You are viewing a plain text version of this content. The canonical link for it is here.
Posted to solr-user@lucene.apache.org by Tim Vaillancourt <ti...@elementspace.com> on 2013/12/06 00:50:34 UTC

No /clusterstate.json updates on Solrcloud 4.3.1 Cores API UNLOAD/CREATE

Hey guys,

I've been having an issue with 1 of my 4 replicas having an inconsistent
replica, and have been trying to fix it. At the core of this issue, I've
noticed /clusterstate.json doesn't seem to be receiving updates when cores
get unhealthy, or even added/removed.

Today I decided I would remove the "bad" replica from the SolrCloud and
force a sync of a new clean replica, so I ran a
'/admin/cores?command=UNLOAD&name=name' to drop it. After this, on the
instance with the "bad" replica, the core was removed from solr.xml but
strangely NOT the /clusterstate.json in Zookeeper - it remained in
Zookeeper unchanged, still with "state: active" :(.

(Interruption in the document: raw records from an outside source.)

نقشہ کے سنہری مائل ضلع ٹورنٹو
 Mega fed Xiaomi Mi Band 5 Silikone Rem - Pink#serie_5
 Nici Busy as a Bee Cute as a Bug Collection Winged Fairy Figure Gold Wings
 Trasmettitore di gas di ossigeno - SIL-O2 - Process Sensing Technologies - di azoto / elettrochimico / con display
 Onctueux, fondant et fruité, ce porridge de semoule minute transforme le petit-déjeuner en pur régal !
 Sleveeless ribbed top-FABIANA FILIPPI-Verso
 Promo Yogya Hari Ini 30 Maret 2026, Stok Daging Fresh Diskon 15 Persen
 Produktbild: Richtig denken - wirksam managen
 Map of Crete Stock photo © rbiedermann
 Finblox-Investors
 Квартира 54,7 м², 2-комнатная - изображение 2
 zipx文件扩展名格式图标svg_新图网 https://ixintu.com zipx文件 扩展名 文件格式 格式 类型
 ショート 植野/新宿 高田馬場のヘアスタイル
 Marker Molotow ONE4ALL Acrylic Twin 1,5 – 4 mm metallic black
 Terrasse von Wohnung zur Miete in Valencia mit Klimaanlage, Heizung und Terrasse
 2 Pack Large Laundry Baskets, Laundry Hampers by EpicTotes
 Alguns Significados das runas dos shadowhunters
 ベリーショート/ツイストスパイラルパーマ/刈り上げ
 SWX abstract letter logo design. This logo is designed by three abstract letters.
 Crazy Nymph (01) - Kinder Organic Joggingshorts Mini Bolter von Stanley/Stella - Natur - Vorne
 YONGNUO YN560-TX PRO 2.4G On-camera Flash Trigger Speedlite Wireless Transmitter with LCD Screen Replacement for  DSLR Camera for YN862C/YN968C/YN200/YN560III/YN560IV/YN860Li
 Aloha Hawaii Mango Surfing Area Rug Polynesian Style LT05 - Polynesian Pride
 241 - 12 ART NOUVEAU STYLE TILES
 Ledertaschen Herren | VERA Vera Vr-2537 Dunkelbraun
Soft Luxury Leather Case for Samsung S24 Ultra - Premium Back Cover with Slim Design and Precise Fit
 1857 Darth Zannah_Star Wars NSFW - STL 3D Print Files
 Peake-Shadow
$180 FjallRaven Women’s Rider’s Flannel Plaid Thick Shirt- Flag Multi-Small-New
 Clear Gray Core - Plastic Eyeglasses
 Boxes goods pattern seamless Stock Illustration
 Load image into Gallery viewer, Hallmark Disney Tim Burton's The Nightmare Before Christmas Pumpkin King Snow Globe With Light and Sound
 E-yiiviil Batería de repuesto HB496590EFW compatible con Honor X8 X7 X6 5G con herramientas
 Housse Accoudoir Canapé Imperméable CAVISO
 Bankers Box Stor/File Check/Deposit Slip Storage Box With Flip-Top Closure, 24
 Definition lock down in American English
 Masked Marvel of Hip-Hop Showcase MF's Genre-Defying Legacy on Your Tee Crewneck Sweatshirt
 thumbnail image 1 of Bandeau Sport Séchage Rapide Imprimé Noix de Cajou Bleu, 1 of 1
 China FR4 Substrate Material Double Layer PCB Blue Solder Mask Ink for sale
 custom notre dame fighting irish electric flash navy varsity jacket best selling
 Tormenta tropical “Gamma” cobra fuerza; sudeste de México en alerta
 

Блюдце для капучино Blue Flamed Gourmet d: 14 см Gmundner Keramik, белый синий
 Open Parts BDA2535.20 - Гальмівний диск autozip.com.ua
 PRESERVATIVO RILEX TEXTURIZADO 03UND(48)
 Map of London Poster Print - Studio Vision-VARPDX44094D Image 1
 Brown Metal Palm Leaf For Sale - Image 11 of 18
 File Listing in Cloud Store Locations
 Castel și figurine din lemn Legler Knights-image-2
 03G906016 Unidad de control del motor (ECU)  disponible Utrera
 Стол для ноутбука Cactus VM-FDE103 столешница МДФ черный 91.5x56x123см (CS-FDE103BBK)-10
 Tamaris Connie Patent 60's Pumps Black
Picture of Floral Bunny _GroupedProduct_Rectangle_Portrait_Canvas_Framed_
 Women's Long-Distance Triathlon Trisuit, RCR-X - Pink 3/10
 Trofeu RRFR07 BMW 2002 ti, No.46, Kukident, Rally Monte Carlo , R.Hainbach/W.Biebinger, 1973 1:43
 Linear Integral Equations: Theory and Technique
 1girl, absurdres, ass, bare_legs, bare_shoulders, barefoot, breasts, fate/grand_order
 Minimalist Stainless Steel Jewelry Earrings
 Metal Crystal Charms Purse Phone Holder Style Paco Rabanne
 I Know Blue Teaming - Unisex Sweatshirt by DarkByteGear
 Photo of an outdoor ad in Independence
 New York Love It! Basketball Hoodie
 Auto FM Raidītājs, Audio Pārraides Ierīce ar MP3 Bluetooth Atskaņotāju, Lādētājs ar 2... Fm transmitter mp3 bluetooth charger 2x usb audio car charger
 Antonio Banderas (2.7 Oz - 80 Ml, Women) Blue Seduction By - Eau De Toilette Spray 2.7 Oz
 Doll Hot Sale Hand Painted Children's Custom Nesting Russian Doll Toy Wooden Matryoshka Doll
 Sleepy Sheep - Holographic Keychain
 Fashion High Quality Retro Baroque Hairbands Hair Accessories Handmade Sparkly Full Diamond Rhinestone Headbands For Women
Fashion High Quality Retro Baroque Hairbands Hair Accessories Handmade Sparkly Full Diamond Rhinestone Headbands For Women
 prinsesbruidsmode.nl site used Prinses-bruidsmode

So, I then manually edited the clusterstate.json with a Perl script,
removing the json data for the "bad" replica. I checked all nodes saw the
change themselves, things looked good. Then I brought the node up/down to
check that it was properly adding/removing itself from /live_nodes znode in
Zookeeper. That all worked perfectly, too.

Here is the really odd part: when I created a new replica on this node (to
replace the "bad" replica), the core was created on the node, and NO update
was made to /clusterstate.json. At this point this node had no cores, no
cores with state in /clusterstate.json, and all data dirs deleted, so this
is quite confusing.

Upon checking ACLs on /clusterstate.json, it is world/anyone accessible:

"[zk: localhost:2181(CONNECTED) 18] getAcl /clusterstate.json
'world,'anyone
: cdrwa"

Also, keep in mind my external Perl script had no issue updating
/clusterstate.json. Can anyone make any suggestions why /clusterstate.json
isn't getting updated when I create this new core?

One other thing I checked was the health of the Zookeeper ensemble, and all
3 Zookeepers have the same mZxid, ctime, mtime, etc for /clusterstate.json
and receive updates no problem, just this node isn't updating Zookeeper
somehow.

Any thoughts are much appreciated!

Thanks!

Tim